- Exercise prompt -
Repeat each record exactly, skipping the pictures.

- Supplied entries -

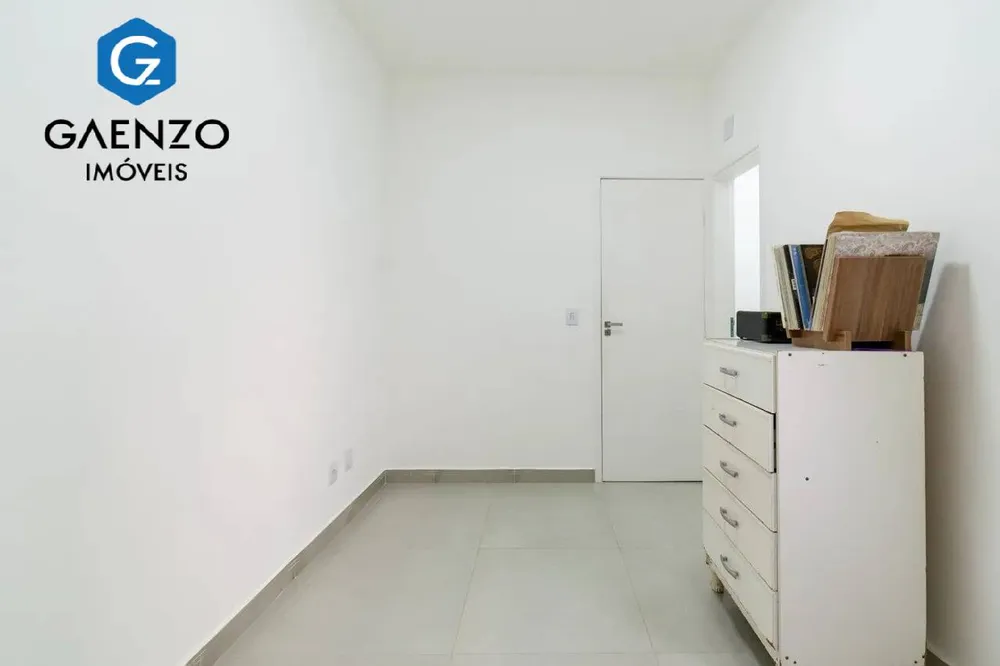 Casa, 2 quartos, 70 m² - Foto 12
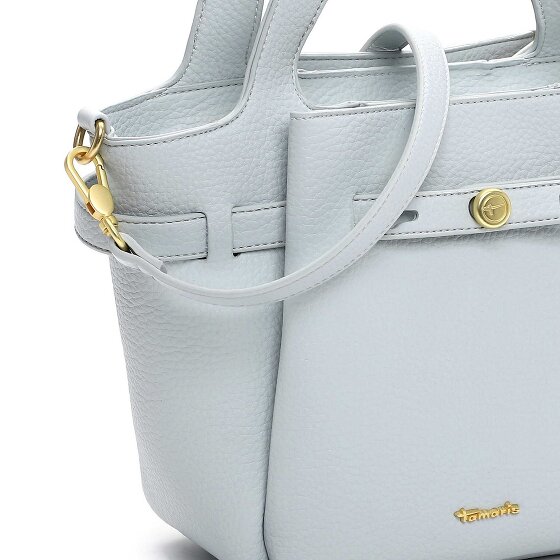Tamaris TAS Kathi SC Shopper Bag 34 cm
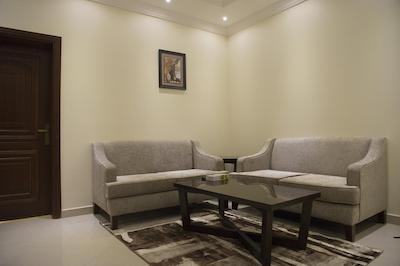 کوایت دریمز قریش برانچ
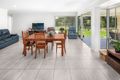 Property photo of 12 Little Cove Road Emerald Beach NSW 2456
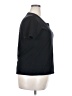 Unbranded Black Short Sleeve T-Shirt Size XXL (estimated) - photo 4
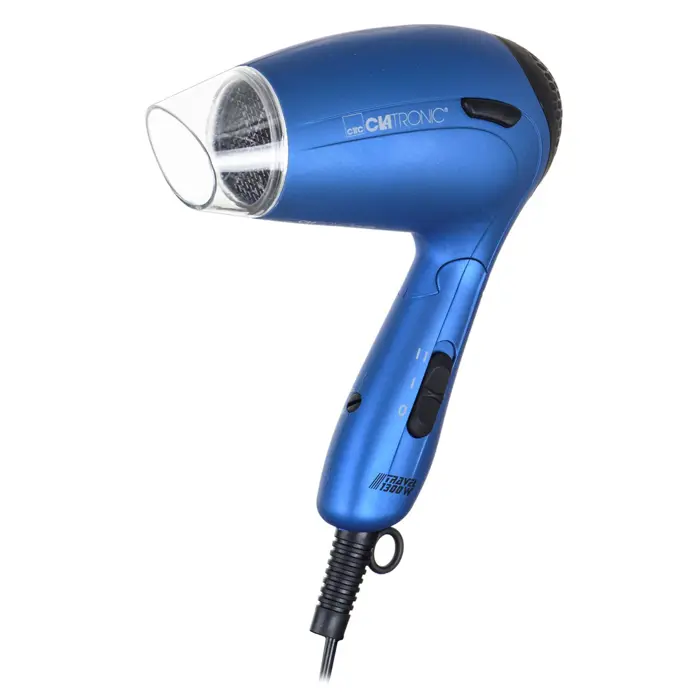 clatronic-263558-hair-dryer-blue-1300-w-51365-agdclasus0003.webp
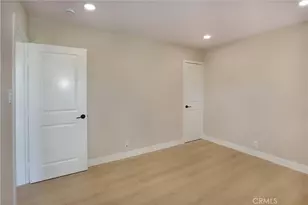 1504 W Kimberly Ave, Anaheim, CA 92802 - Photo 20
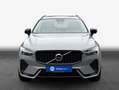 Volvo XC60 XC60 B5 B AWD Ultra Dark Grau - thumbnail 3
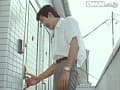 Sample 17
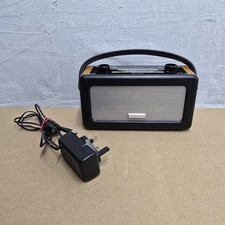 Roberts Radio Portatile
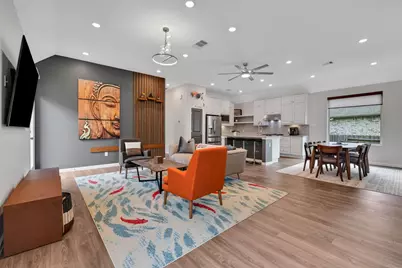 4933 Chester Lake Lane, Porter, TX 77365 - Photo 6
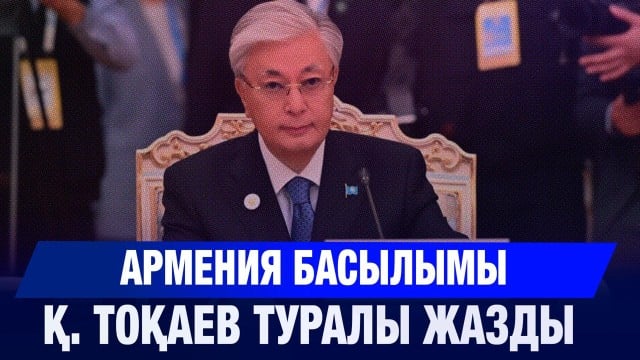 202510242030-AtWzjQBEg6.jpg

- Exercise result -
 Casa, 2 quartos, 70 m² - Foto 12
Tamaris TAS Kathi SC Shopper Bag 34 cm
 کوایت دریمز قریش برانچ
 Property photo of 12 Little Cove Road Emerald Beach NSW 2456
 Unbranded Black Short Sleeve T-Shirt Size XXL (estimated) - photo 4
 clatronic-263558-hair-dryer-blue-1300-w-51365-agdclasus0003.webp
 1504 W Kimberly Ave, Anaheim, CA 92802 - Photo 20
 Volvo XC60 XC60 B5 B AWD Ultra Dark Grau - thumbnail 3
 Sample 17
 Roberts Radio Portatile
 4933 Chester Lake Lane, Porter, TX 77365 - Photo 6
 202510242030-AtWzjQBEg6.jpg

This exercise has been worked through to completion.